Throughout this process, auditioning for the show, going through rounds of interviews with the producers, providing background for the viewers, we've been asked over and over again to "tell our story." The story I've told them goes something like this: I raised Cassie mostly on my own; it hasn't always been easy. She'll be leaving for college next year, and I wanted a chance to travel the world with her before she's gone. Cassie's version is considerably terser. We tell the story like that's all there is, like we're any old mother and daughter doing our little dance of separation and reconciliation. Oldest story in the world.
The story that doesn't get told begins like this: Four months ago, on a warm and airless night, I woke up to find Cassie standing over my bed. I couldn't see her very well in the dark, and for a moment it was like all the other nights, scattered through her childhood, when she'd come to get me because she was sick or scared. I'm a sound sleeper - I guess it's important to say that - and it took her a few minutes to wake me.
"Mom," she was saying. "Mom." "What is it?" I said. "What time is it?" "Mom, could you come to my room for a minute?" "What's the matter? Are you sick?" "Could you just come to my room?"
"Okay," I said. I got out of bed and followed her down the hall. She'd moved her bedroom into the attic the previous year, and as we climbed the stairs, I could see that the light was on and the bedclothes were rumpled. I noticed a funny smell, an odor of heat and sweat and something like blood. There were towels everywhere - it seemed like every towel we owned was piled on the floor or the bed. Most of them were wet, and some of them were stained with something dark.
"Is that blood?" I said. "Mom, look," she said. "On the bed." I looked at the tangle of linens, and it took me a minute before I saw it. Saw her, I should say. There, in the center of the bed, lay a baby wrapped in a yellow beach towel.
"What . . ." I said, but I didn't know how to finish the sentence. "Cassie . . ."
"It's a girl," Cassie said. "I don't understand," I said. My mind seemed to have stopped working. The baby looked very still. "Is she . . . okay?" "I think so," Cassie said. "She was awake at first, and then she went to sleep."
"But . . ." I said, and then I didn't say any more. I reached out and unwrapped the baby. She lay naked and sleeping, her body smudged with creamy smears of vernix. Several inches of umbilical cord, tied at the end with a shoelace, grew out of her belly like a vine.
I looked her over, this child, my granddaughter. Tiny. Tiny. There is no new way to say it. If you could have seen her. The translucent eyelids, the little fingers curled into fists. The knees bent like she hadn't learned how to stretch them yet. The feet wrinkled from their long soak. You forget how small they can be. Tiny. I picked her up, and she stirred. She opened her eyes and looked up at me. A lurch inside me, and I loved her, just like that. It didn't even happen that way with my own daughter, not quite. I held her close to my chest and wrapped the towel around her again.
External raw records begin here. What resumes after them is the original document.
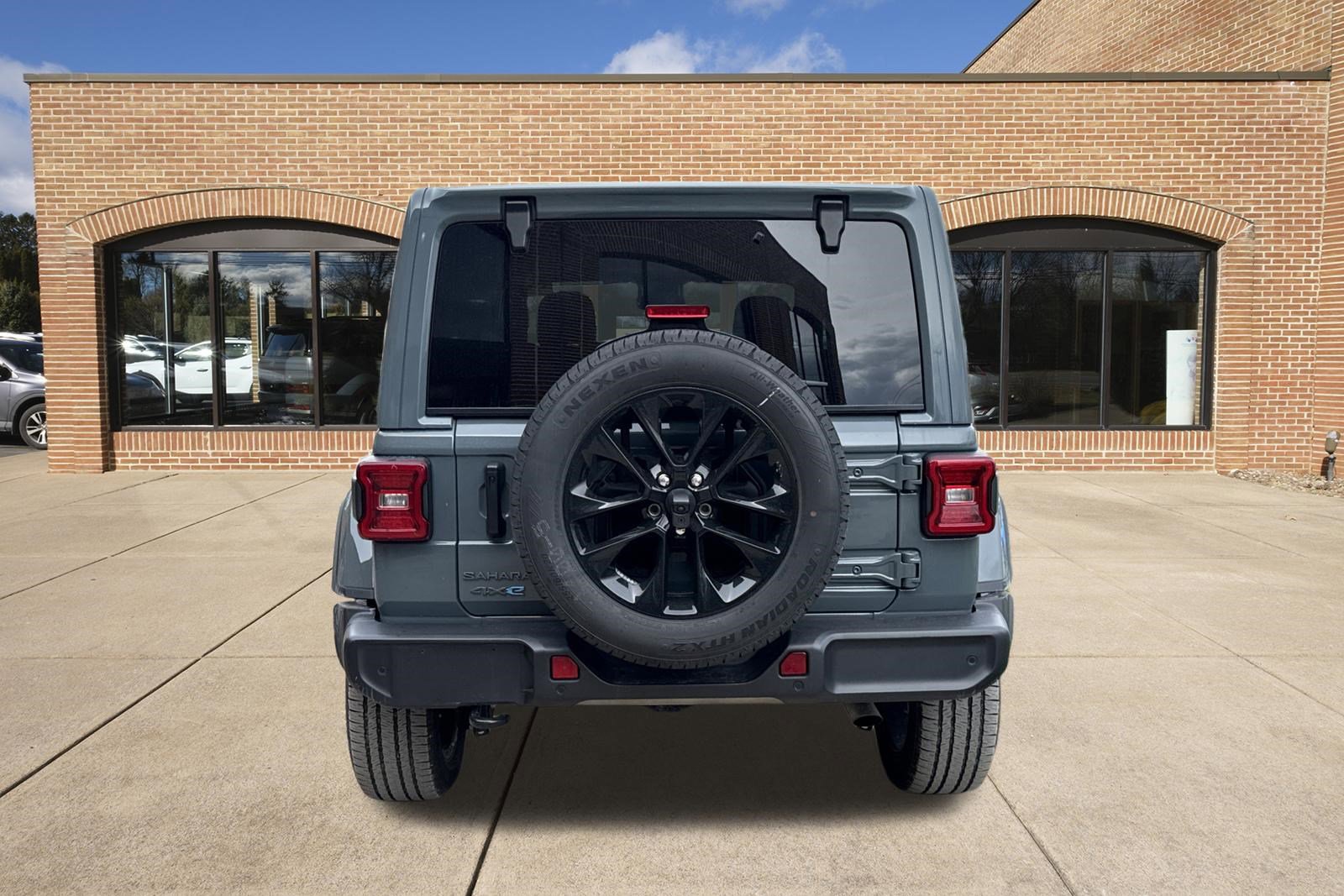 Used 2025 Jeep Wrangler Sahara w/ Safety Group image 4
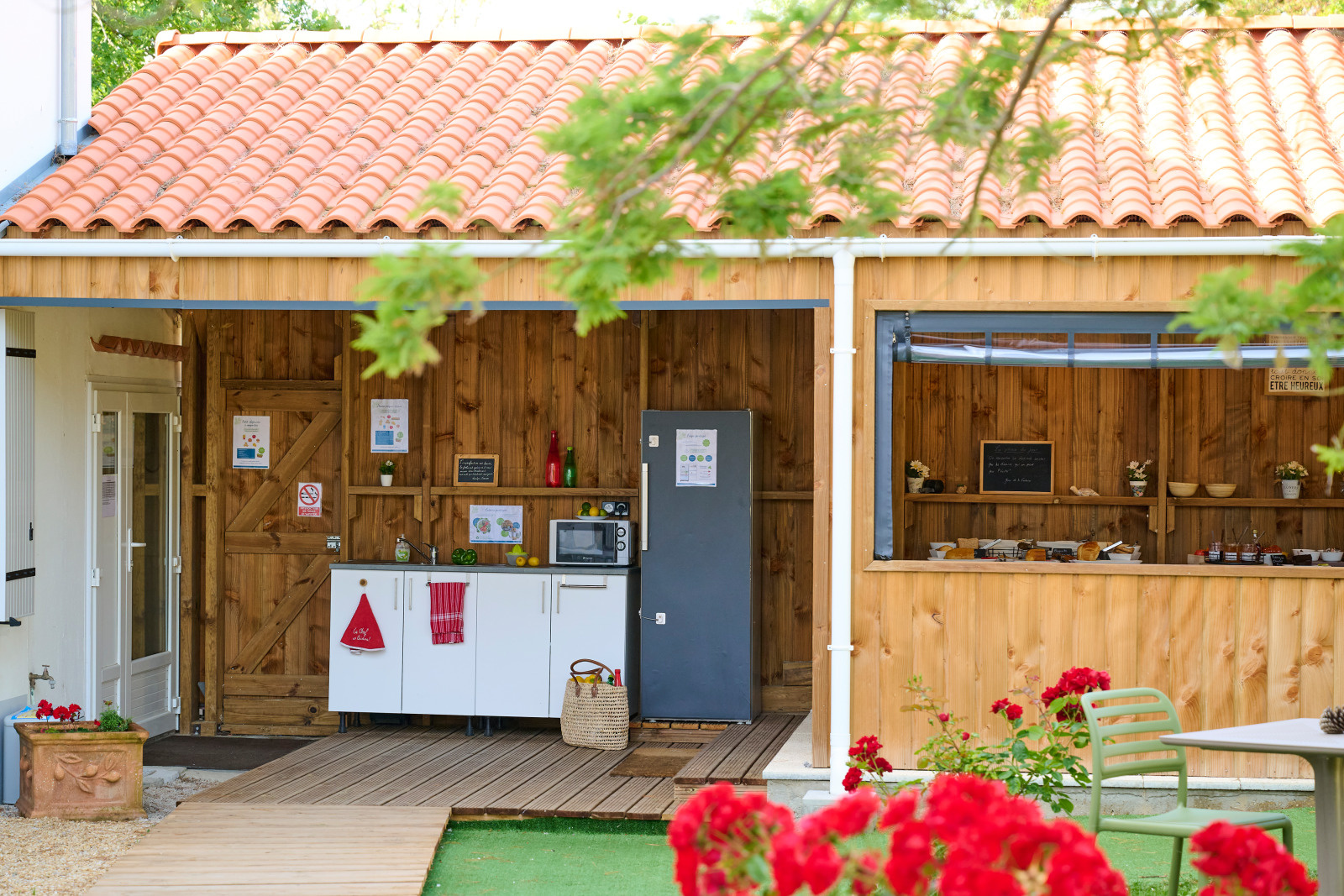 Profitez de la cuisine partagée de la Maison Esperanza en Vendée sur l'Ile de Noirmoutier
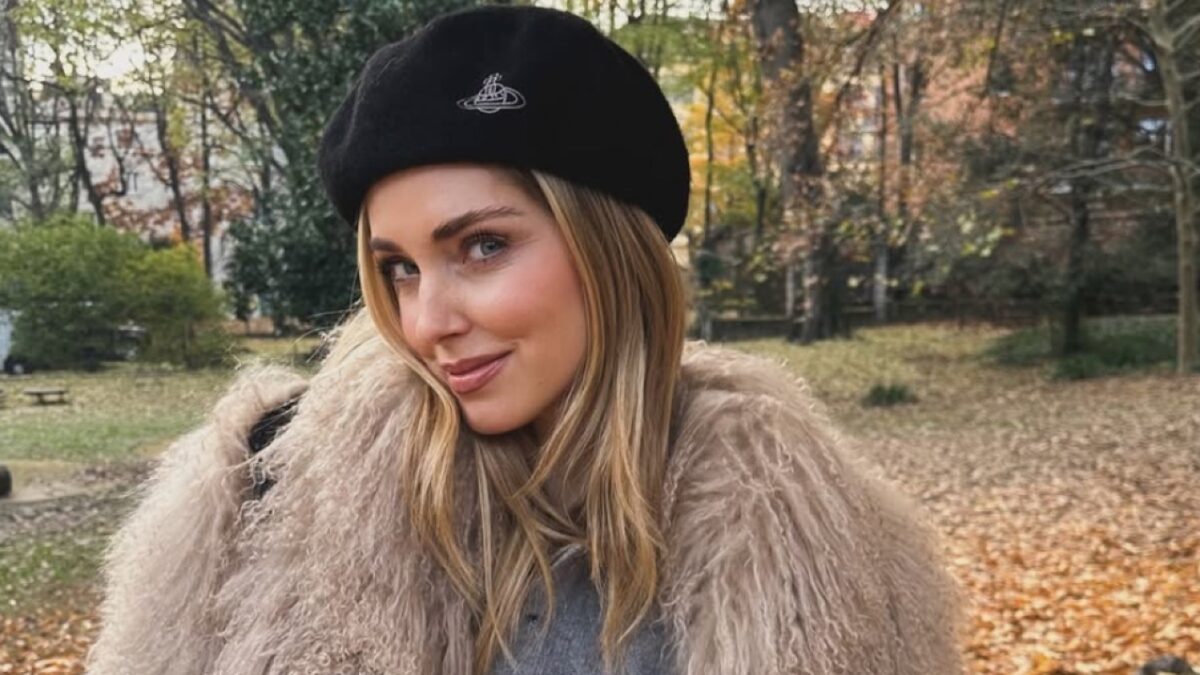 Chiara Ferragni ma come ti vesti? Il Look eclettico dell’Influencer lascia basiti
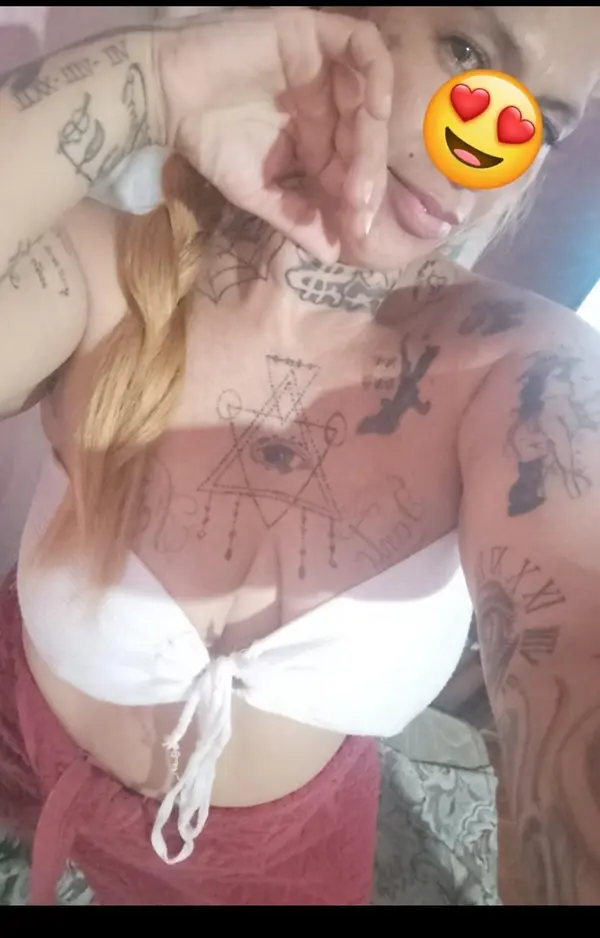 Fofa tatuada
"I didn't know how to tell you," Cassie said. "I don't understand," I said again. "You had this baby?" "Yeah. About half an hour ago, I guess." "But you weren't pregnant."
She gave me a look. "Well, obviously, I was," she said. "And you didn't tell me? For nine whole months you didn't tell me? Who's the father? Dan? Does he know?"
"Can we talk about this later?" she said. "I think maybe I should see a doctor." She lowered her voice and looked downward. "I'm bleeding," she said, her voice like a little girl's.
I wish I had said, "My poor baby." I wish I had said, "I'm so sorry you had to go through this alone." But I was tired and bewildered, and I was beginning to get angry. What I said was, "Yeah, that'll happen when you give birth." And I didn't say it very nicely.